New Zealand 45

Development
- Designer: Gary Mull
- Location: United States
- Year: 1984
- Builder: New Zealand Yachts
- Name: New Zealand 45

Boat
- Displacement: 22,000 lb (9,979 kg)
- Draft: 8.00 ft (2.44 m)

Hull
- Construction: Fiberglass
- LOA: 45.00 ft (13.72 m)
- LWL: 36.50 ft (11.13 m)
- Beam: 13.75 ft (4.19 m)

Hull appendages
- General: internal spade-type rudder
- Keel: fin keel
- Ballast: 10,515 lb (4,770 kg)

Rig
- General: Masthead sloop
- I foretriangle height: 58.50 ft (17.83 m)
- J foretriangle base: 18.12 ft (5.52 m)
- P mainsail luff: 52.40 ft (15.97 m)
- E mainsail foot: 14.10 ft (4.30 m)

Sails
- Mainsail area: 369.42 sq ft (34.320 m^{2})
- Jib/genoa area: 530.01 sq ft (49.240 m^{2})
- Total sail area: 900 sq ft (84 m^{2})

= New Zealand 45 =

Sailboat class

The New Zealand 45 is a sailboat that was designed by American Gary Mull and first built in 1984. The design is out of production.

==Production==
The boat was built by New Zealand Yachts in Whangārei, New Zealand, starting in 1984. A total of five were constructed.

==Design==
The New Zealand 45 is a recreational keelboat, built predominantly of fiberglass.
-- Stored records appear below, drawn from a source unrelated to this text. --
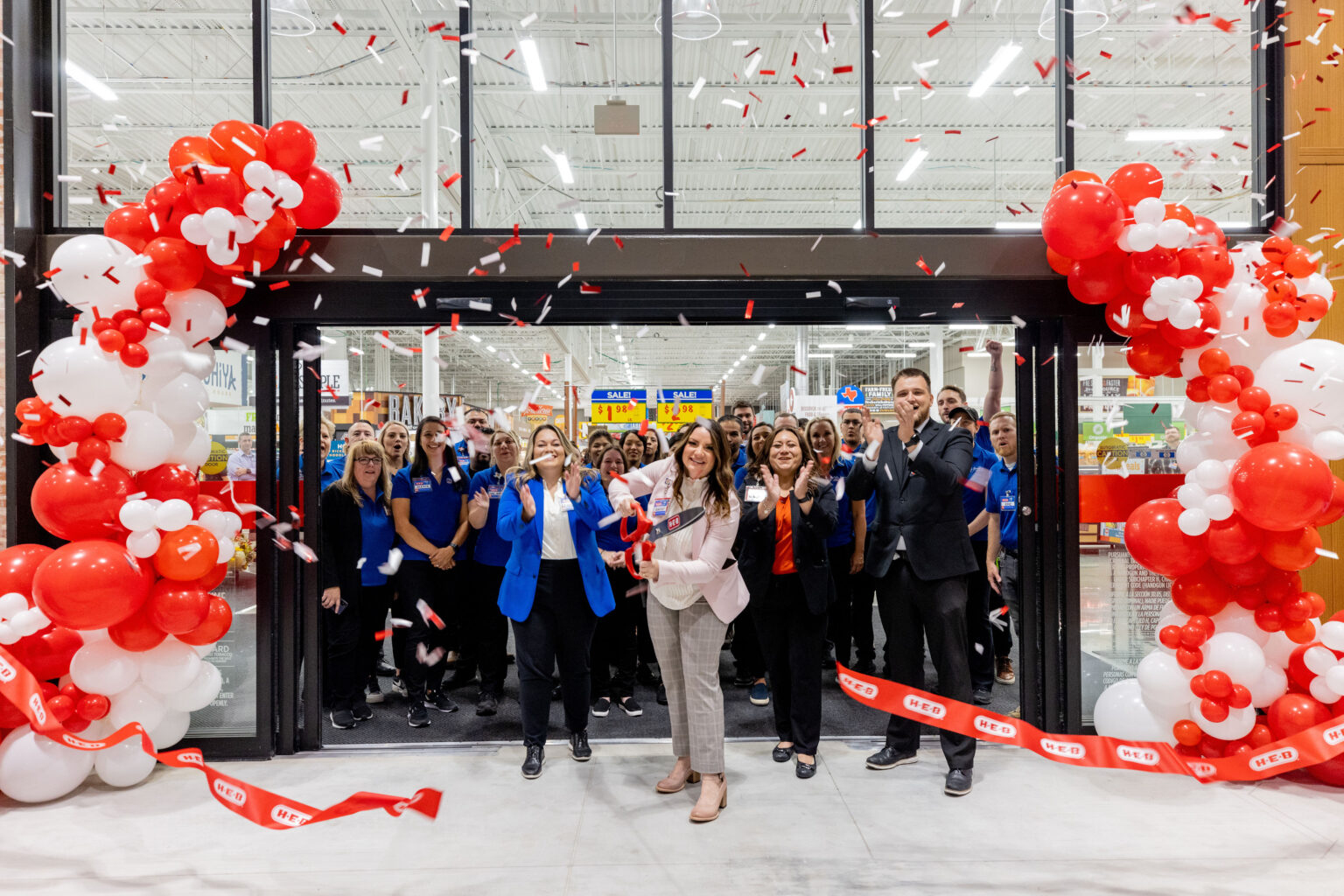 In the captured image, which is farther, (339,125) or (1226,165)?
(1226,165)

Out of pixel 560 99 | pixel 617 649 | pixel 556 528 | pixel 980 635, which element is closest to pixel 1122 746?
pixel 980 635

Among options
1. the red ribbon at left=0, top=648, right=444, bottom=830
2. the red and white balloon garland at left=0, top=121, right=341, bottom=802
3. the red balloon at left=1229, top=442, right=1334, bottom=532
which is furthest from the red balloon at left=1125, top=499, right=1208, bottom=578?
the red and white balloon garland at left=0, top=121, right=341, bottom=802

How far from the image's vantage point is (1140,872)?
269 cm

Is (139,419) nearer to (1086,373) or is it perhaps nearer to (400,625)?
(400,625)

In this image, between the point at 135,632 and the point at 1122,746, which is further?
the point at 135,632

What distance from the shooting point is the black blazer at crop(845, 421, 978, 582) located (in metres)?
3.46

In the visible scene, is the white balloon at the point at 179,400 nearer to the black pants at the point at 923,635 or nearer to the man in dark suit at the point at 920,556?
the man in dark suit at the point at 920,556

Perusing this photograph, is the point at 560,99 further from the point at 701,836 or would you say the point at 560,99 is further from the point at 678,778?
the point at 701,836

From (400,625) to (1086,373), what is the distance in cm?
397

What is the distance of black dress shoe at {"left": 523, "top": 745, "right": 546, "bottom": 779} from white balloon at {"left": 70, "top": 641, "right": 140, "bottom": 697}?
66.9 inches

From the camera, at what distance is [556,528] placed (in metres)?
3.69

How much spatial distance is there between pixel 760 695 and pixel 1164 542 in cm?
235

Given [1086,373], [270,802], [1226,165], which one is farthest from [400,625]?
[1226,165]

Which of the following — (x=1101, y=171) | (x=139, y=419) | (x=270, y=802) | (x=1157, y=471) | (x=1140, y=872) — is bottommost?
(x=1140, y=872)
It has a masthead sloop rig, an internally-mounted spade-type rudder and a fixed fin keel. It displaces 22000 lb and carries 10515 lb of ballast. The boat has a draft of 8.00 ft.

The boat is fitted with a Pathfinder diesel engine of 50 hp. It carries 80 u.s.gal of fuel and 200 u.s.gal of fresh water.

The boat has a hull speed of 8.1 kn.